It had been the same location but the circumstances were completely different as compared with our first visit in October: the sun was shining and the wind gently touched the green wheat stalks.

Our group (Kim Gallop, Eddeanna Hixson Moore, Raymond Otto McKee, John Meurs and his wife Carien and me) were to meet with Fritz-Otto Kreipe and Horst Swischenko, who as kids had witnessed the crash of the American bomber.

Eddeanna, Raymond, John Meurs and his wife had come to visit Germany, to be more precise Oerie. They had arrived that week-end to unveil on Sunday a monument in the Oerie cemetery. This monument had been presented by the McKee family, of which some members had been in Oerie the previous year to visit this particular spot. (Visit of the McKees)

Sixty-five years earlier the fathers of Raymond and Eddeana had lost their lives in Oerie. Raymond O. McKee and Charles E. Hixson were two of the nine airmen who died in the crash of „Ark Angel“ and these children had made the long trip from the U.S.A. to attend the ceremony in the Oerie cemetery.

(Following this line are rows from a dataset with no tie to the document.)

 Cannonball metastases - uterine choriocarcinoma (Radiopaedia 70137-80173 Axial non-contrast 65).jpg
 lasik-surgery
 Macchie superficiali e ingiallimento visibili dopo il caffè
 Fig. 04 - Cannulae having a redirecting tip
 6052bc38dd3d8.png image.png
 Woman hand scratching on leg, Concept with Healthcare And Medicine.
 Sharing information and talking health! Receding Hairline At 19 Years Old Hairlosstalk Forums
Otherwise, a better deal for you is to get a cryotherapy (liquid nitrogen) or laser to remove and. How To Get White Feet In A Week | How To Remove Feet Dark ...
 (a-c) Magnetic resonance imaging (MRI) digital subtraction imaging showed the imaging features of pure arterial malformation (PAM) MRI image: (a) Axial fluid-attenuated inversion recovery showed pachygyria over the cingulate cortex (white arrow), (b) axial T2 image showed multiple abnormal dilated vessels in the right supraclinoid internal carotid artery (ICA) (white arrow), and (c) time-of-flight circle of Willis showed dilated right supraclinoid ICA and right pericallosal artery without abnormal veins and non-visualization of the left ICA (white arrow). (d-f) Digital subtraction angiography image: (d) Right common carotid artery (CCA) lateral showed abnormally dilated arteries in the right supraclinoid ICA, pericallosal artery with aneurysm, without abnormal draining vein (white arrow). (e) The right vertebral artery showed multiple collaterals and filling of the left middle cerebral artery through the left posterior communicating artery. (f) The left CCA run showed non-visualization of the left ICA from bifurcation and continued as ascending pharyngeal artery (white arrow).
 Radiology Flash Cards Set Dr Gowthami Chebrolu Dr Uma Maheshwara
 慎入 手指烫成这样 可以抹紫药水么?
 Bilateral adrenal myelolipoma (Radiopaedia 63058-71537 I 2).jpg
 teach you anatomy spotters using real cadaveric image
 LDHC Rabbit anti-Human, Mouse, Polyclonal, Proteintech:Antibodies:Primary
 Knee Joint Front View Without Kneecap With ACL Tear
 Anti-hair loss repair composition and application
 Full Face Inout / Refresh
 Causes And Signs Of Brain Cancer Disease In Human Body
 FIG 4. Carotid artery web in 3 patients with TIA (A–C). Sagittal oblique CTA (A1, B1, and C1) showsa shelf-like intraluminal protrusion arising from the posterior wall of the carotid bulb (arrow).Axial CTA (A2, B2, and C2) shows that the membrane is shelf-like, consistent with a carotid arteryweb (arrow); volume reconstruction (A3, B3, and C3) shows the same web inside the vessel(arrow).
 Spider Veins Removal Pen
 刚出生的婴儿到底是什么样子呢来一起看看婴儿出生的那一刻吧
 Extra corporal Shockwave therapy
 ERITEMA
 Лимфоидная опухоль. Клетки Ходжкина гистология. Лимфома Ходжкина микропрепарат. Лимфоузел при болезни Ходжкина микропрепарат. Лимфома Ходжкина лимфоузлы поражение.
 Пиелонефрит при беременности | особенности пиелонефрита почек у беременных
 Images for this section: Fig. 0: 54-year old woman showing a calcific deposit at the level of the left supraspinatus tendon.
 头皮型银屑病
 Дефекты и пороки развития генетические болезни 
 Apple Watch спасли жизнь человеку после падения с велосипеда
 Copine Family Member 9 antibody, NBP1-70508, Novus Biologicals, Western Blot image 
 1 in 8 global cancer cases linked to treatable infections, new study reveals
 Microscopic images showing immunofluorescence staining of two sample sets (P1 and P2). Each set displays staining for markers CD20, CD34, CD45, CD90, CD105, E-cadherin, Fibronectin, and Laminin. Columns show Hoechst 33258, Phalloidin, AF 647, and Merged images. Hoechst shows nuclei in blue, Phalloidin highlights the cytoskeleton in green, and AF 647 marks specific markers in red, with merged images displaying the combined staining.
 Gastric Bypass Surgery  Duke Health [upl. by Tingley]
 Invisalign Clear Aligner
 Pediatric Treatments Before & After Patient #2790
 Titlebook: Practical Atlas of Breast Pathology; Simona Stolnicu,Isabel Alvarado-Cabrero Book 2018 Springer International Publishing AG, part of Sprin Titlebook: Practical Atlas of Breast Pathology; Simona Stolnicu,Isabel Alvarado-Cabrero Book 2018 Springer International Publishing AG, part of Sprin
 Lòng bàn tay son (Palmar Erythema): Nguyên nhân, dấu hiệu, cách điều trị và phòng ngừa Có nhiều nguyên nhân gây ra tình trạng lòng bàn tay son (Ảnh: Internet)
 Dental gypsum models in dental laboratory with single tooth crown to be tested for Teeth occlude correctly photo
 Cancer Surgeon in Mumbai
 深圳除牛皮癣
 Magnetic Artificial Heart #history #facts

But also the presence of John and his wife was something special as he had researched the details of this almost forgotten crash in WW II, paving the way for this gathering on this special location in this small village called Oerie.

And now they were all here. Eddeanna, called Eddi by her mother after her father, came into this world on December 25, 1944, almost a month after her father’s demise. She and Raymond McKee, who was born in April 1945, never knew their fathers.

For both of them it was a very special moment to see the spot where their dads had lost their lives. The meeting of the guests from the U.S.A and Switzerland with the two eyewitnesses was very friendly and warm. Horst Swischenko had placed a white wooden cross on the exact spot in the field of wheat where the burnt out wreck of the bomber then had lain.

(Eddeana, Horst, Raymond and Fritz-Otto)

When I was here in autumn together with the McKees and heard the stories of the then nine and eleven year old boys, I really had the feeling that this is a special spot of land.

They gave detailed descriptions of the crash site and where some of the bodies had been found. And now a white cross had appeared in the field: like a cross in a cemetery indicates a grave. Also for me it was a poignant sight: what before had looked like an ordinary field had now become a place not only of violent death but also a place of commemoration.

Horst Swischenko and Fritz-Otto Kreipe talked about the crash they witnessed in 1944. While we listened attentively to what they had to say, Eddeana discreetly separated herself from our little group and went straight through the green wheat stalks toward the white cross. There she spent several minutes on the spot where her father lost his life. It was a poignant scene.

Again I realized that each of the fifty million victims of WW II carries a story worth being told, stories that honor and remember those who died, and hopefully to serve as a warning to the present generation.